Mlliyet Milliyet Blog Milliyet Blog
 
Facebook Connect
Blog Kategorileri
 

23 Temmuz '07

 
Kategori
Siyaset
 

Beklenen oldu! Halk ezici bir çoğunlukla AKP dedi.

Beklenen oldu! Halk ezici bir çoğunlukla AKP dedi.
 

Resmi olmayan rakamlara göre halkın % 46 sı AKP dedi. Bundan sonra ne olur ne biter tartışmalarına girmeden önce AKP’yi ve AKP’lileri tebrik eder, sonuçların tüm Türkiye halkı için hayırlı, uğurlu olmasını temenni ederim.

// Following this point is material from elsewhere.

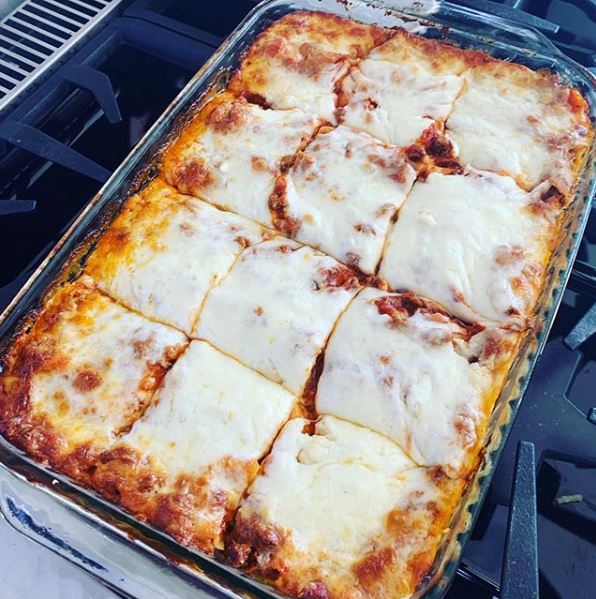 lisa's recipe collection San Oven Ready Lasagna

Sonuçların belli olmasından hemen sonra ekranlara çıkan ve kendine oy veren vermeyen herkese teşekkür eden Erdoğan: “Halk bize yola devam dedi. Seçim kazanmak önemli değildir. Halkımızın bizim omzumuza yüklediği yükün farkındayız. Bu yük iki katına çıkmıştır ve biz bu yükün bilinciyle hareket edeceğiz. Bilakis bizim için asıl sınav şimdi başladı, biz zafer sarhoşu olmayacak, sevincimizi başkalarının üzüntüsü üzerine inşa etmeyeceğiz.” dedi. Oldukça zekice hazırlanmış ve ince psikolojik savaş argümanlarıyla bezenmiş bu taktik konuşma eminim ki birçok CHP linin bile takdirini kazanmıştır.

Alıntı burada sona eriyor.